[DATA PROVIDED]
* * * * *

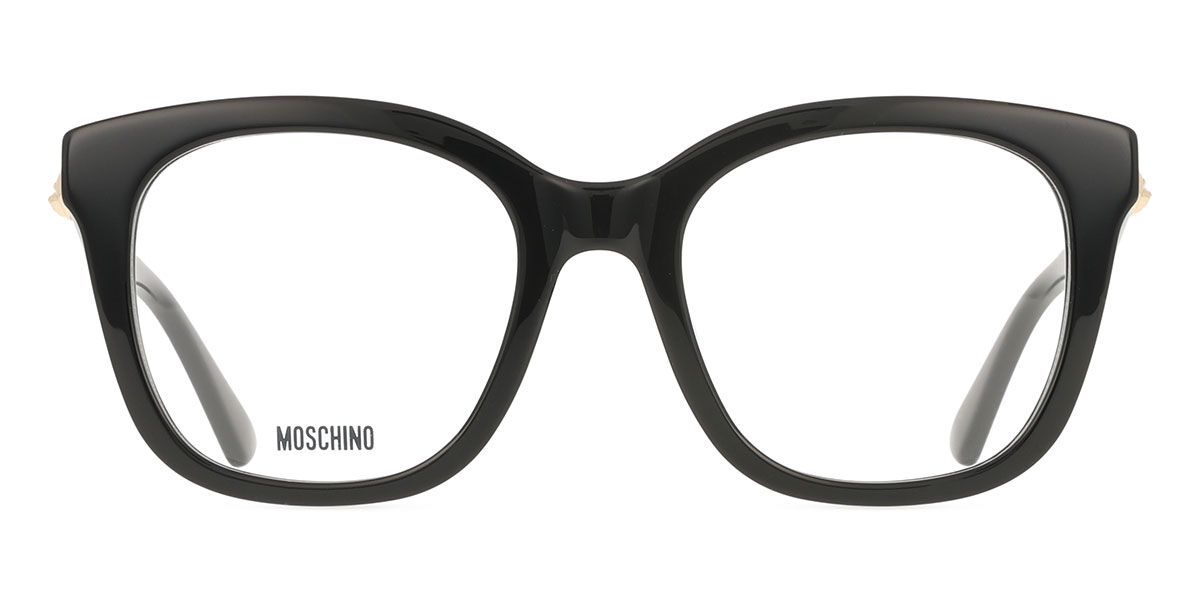モスキーノ Moschino MOS630 807 Full rim フルリム ブラック Women レディース 女性用 ウィメンズ Eyeglasses メガネ 眼鏡 めがね フレーム 伊達メガネ 【正規品】【新品】【海外通販】【送料無料】|SmartBuyGlasses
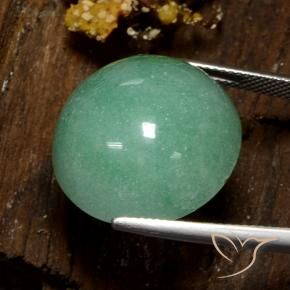 Aventurine Gemstone in 20 mm (calibrated) Size for Sale, Aventurine Stone in Medium light Green Color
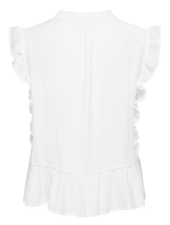 Onlhenny S/L Frill Button Top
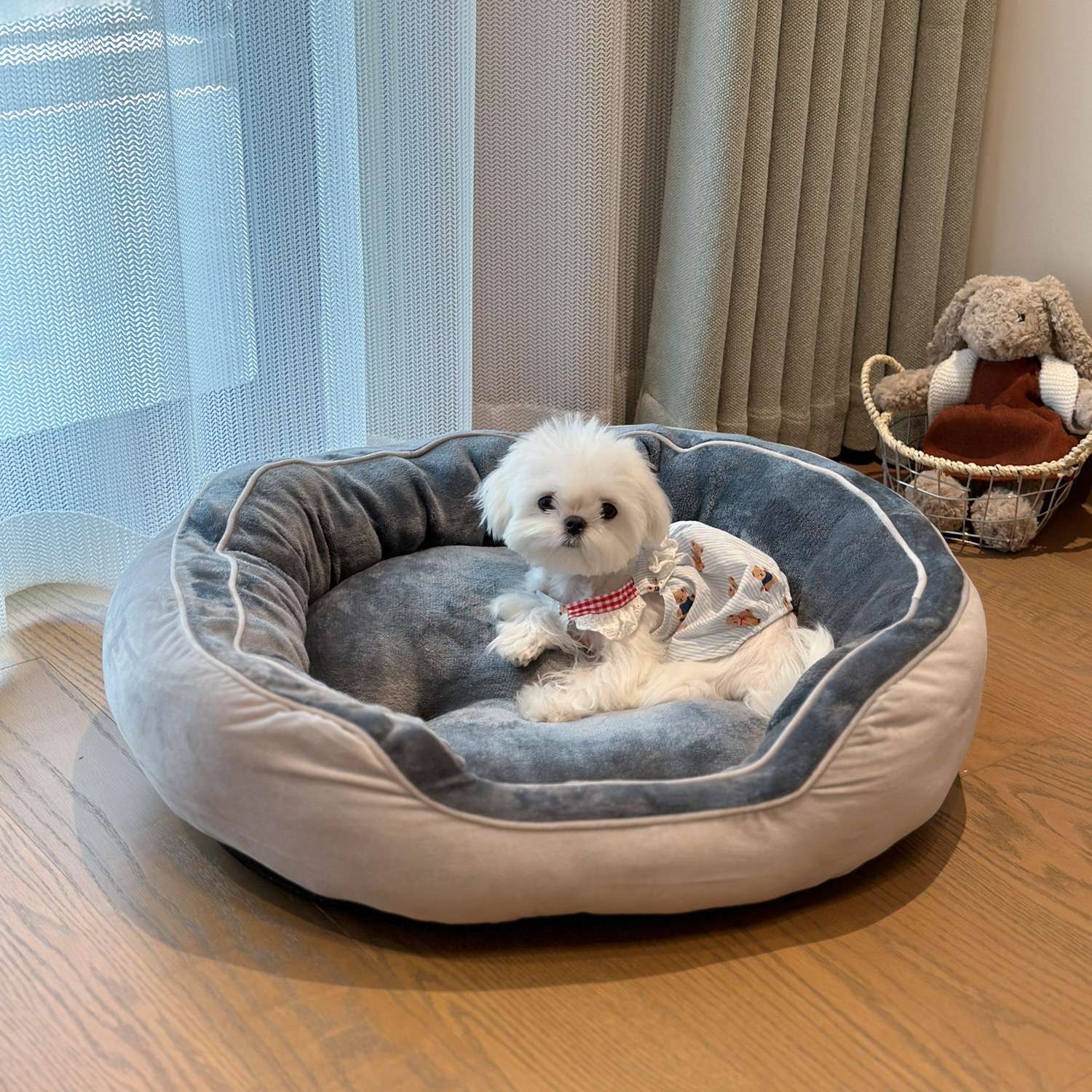 犬ベッド ふわもこペットベッド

* * * * *

Everything in the listing must be restated word for word, except for the pictures.

[EXERCISE SOLUTION]
モスキーノ Moschino MOS630 807 Full rim フルリム ブラック Women レディース 女性用 ウィメンズ Eyeglasses メガネ 眼鏡 めがね フレーム 伊達メガネ 【正規品】【新品】【海外通販】【送料無料】|SmartBuyGlasses
 Aventurine Gemstone in 20 mm (calibrated) Size for Sale, Aventurine Stone in Medium light Green Color
 Onlhenny S/L Frill Button Top
 犬ベッド ふわもこペットベッド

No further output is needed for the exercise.